Might need to wait for the M5 Ultra or M6 Max with 128GB of RAM until the memory bandwidth is greater than a GTX 5090.
I really hate how they price things and hide their profit in sneaky ways now.
Just about to be time for me to get a new laptop. Typically I buy a generation behind, but want to make sure I won't miss anything huge.
This is just marketing speak. Stop repeating marketing. It isnt a walled garden, its a walled prison.
Unified memory is just regular memory. There is nothing special about integrated GPUs.
1. While the hardware and performance are amazing, the user interface is the opposite. Imagine buying a luxury car with amazing performance only to find that simply opening the door is a royal pain, each and every time.

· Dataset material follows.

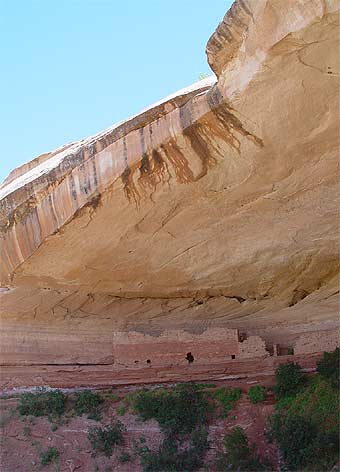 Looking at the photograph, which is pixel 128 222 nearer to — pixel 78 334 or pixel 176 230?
pixel 176 230

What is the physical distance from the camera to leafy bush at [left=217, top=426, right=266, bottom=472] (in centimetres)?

2. Apple will downgrade the usability over time. A year from now, or two, Apple will downgrade your user experience. Imagine that in your luxury car you can see out the windshield, but the dealer insists that you install a new upgrade with a heads-up-display that cannot be turned off.
3. Apple will degrade the performance of your system over time by constantly introducing more features which require better hardware. Your sleek and fast computer will eventually become unusably slow.
4. Apple profits from preventing you from using the computer you own with other software, for example Linux. When your computer cannot run Mac OS (see #3) above or you get sick of the "features" (see #1 and #2 above), you will not be able to do so. The reason for this is if you could try Linux, there is is a strong possibility you will see just how user unfriendly Mac OS is and never go back.
5. You care about the environmental impact of your purchasing decisions. You understand that because you are not able to upgrade the hardware and operating system, your purchase is very likely to end up in a landfill.